- **Task instructions**
Please transcribe the listing below in full and word for word, without its pictures.

- **Data shown**
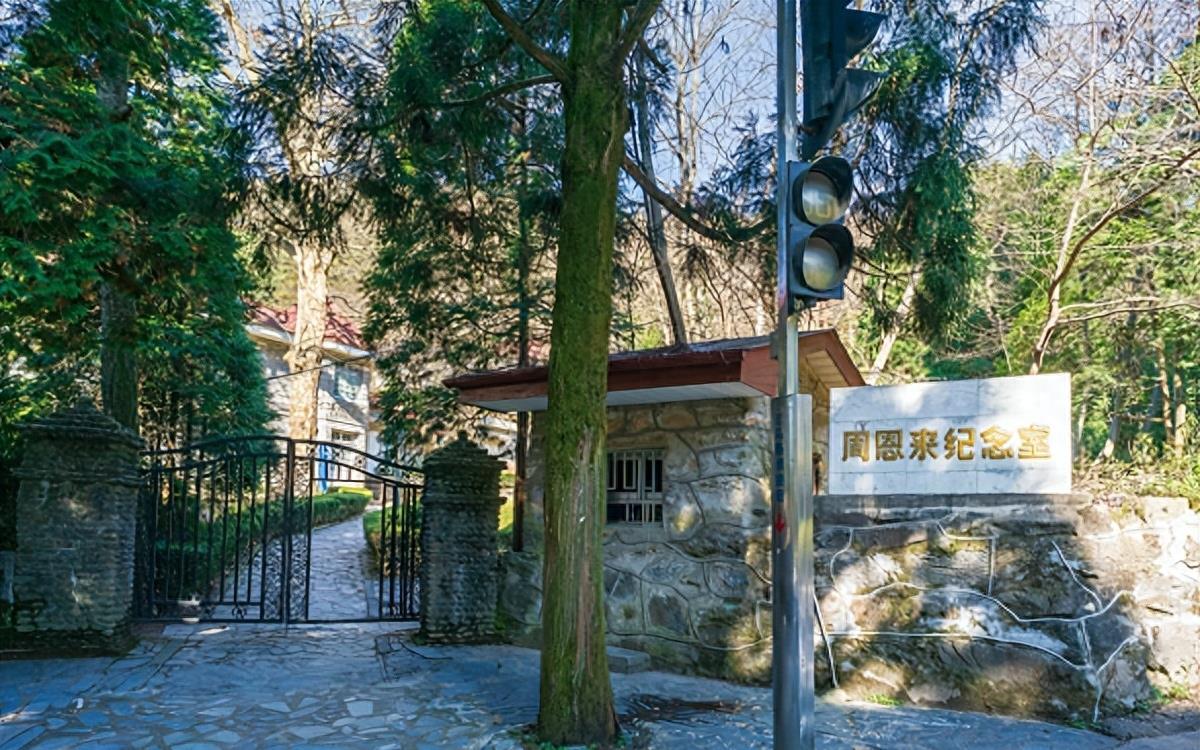 探索1919年党的音乐作品,历史与影响,1919年党的音乐作品,历史影响与探索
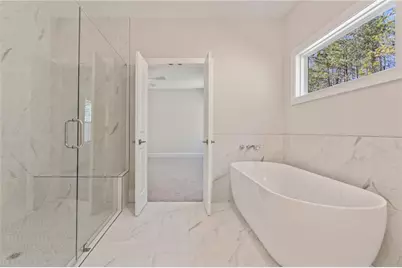 18 White Spruce Trail, Dallas, GA 30157 - Photo 13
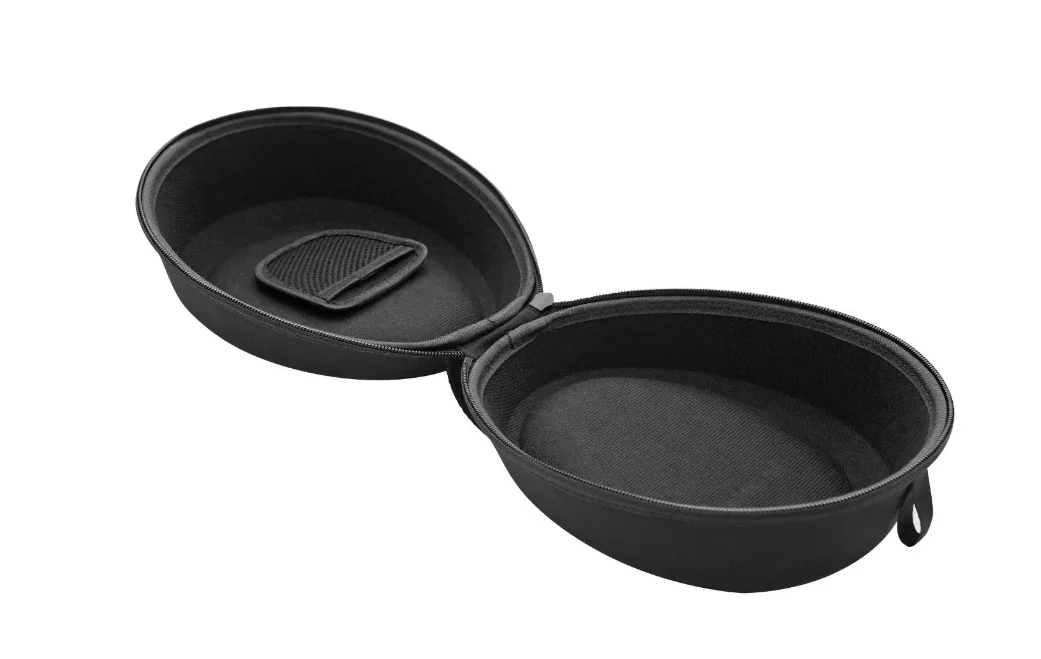 Beyerdynamic DT Hardcase - Sturdy DT Hard Case for Circumaural Headphones - Image 3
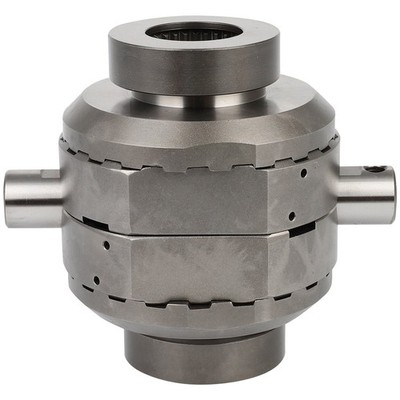 Differential Locker 8'' 30 Spline For Toyota Pickup 4Runner SL T8-30 4 cylinder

- **Response for this exercise**
 探索1919年党的音乐作品,历史与影响,1919年党的音乐作品,历史影响与探索
 18 White Spruce Trail, Dallas, GA 30157 - Photo 13
 Beyerdynamic DT Hardcase - Sturdy DT Hard Case for Circumaural Headphones - Image 3
 Differential Locker 8'' 30 Spline For Toyota Pickup 4Runner SL T8-30 4 cylinder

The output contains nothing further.